When describing IMD behavior, we say that n-th order products are X-dB below the output power of the desired signal.

IMD increases with input power.  In fact, n-th order products increase by n-dB for every 1dB of input power.

We can plot a graph with the power levels of both the desired output signals, and of the different IMD products:

By extending the ideal output line and the x-order lines, interesting points become visible: the intersection between these two lines.  This point is called an intercept point.  This point has coordinates (IP_{XIN}, IP_{XOUT}).  More specifically, the third order intercept point is of particular interest to us, and is a widely use figure of merit for both amplifiers and mixers.  Why is that?  Well, 2nd order products are so far out of our range of wanted frequencies that they are easily filtered out and don’t affect performance much.  Odd order-products over order 3 just don’t have enough power to truly bother us, even if they can come pretty close to our wanted range of frequencies.

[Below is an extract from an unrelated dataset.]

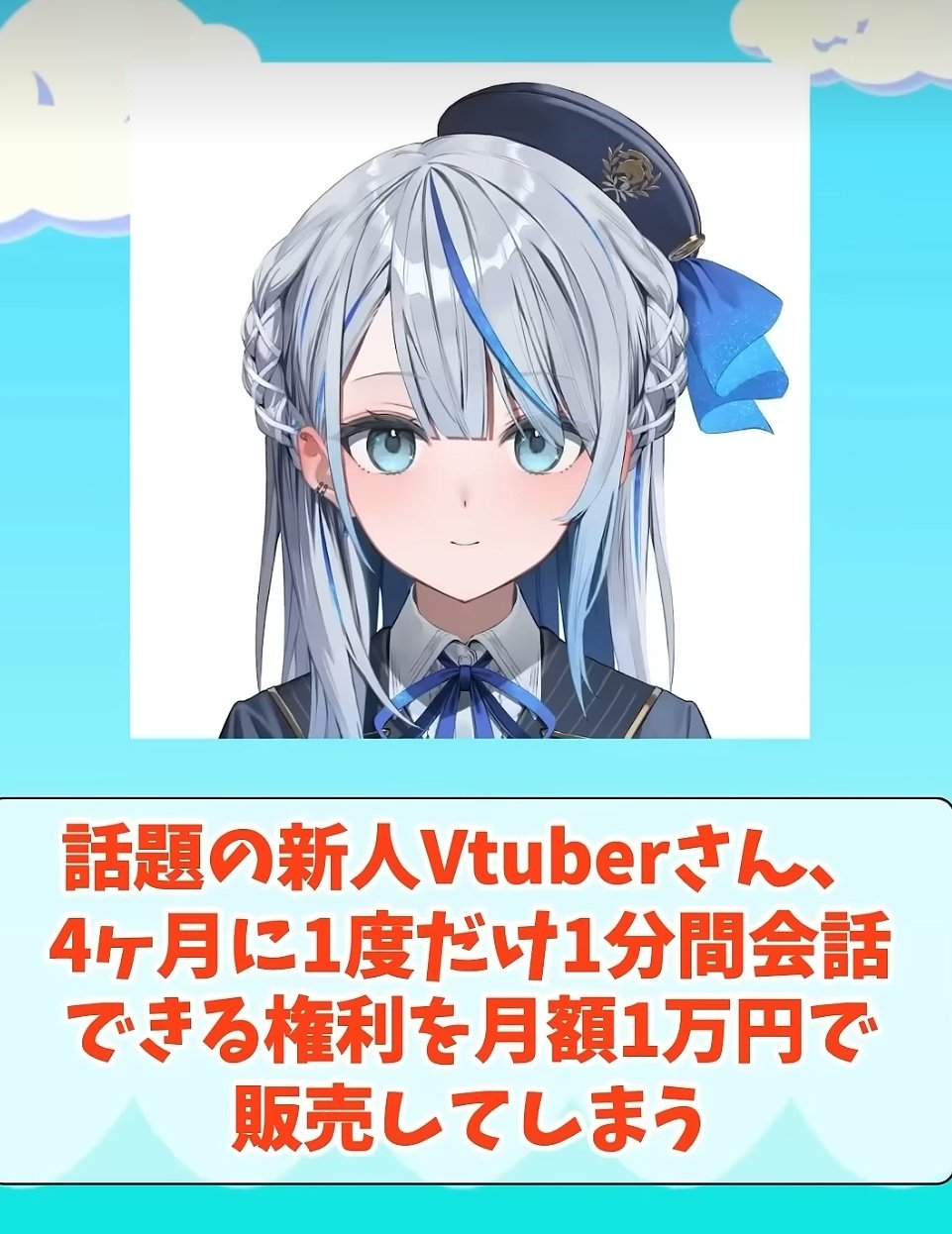 黄名子名言bot二代目 (@MxwksoEuf) / X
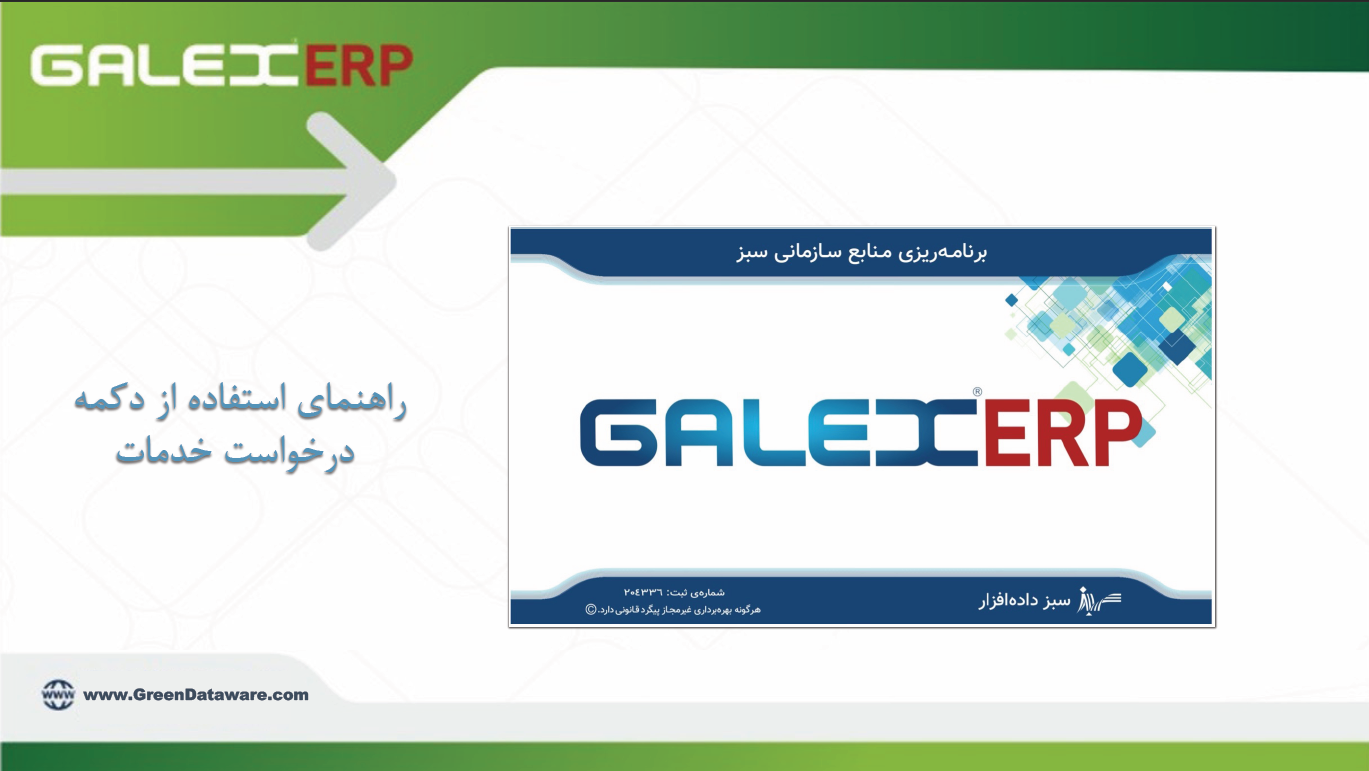 درخواست خدمات - GALEX ERP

Third order products however, are both inside the range of wanted frequencies (at least the difference products are.  The sum products are out of range), so they are difficult to filter out, AND they also have enough power to noticeably affect performance.  While the intercept point can be plotted on the chart, this point is fictional, and used only as a figure of merit.  In reality, you will very likely never be able to input enough power to reach that point without overloading the circuit.

The higher our IP_3 is, the more resistant to IMD our amplifier is.

The most straightforward way to get IP_3 is to make a range of measurements and plot the above chart.

Conclusion

To be able to design a good amplifier, we must first know what characterizes a good amplifier.  The following characteristics are all very important when considering amplifiers:

  • Gain Compression
  • Harmonic Distortion
  • Noise
  • Intermodulation Distortion, and especially third-order intercept point IP_3.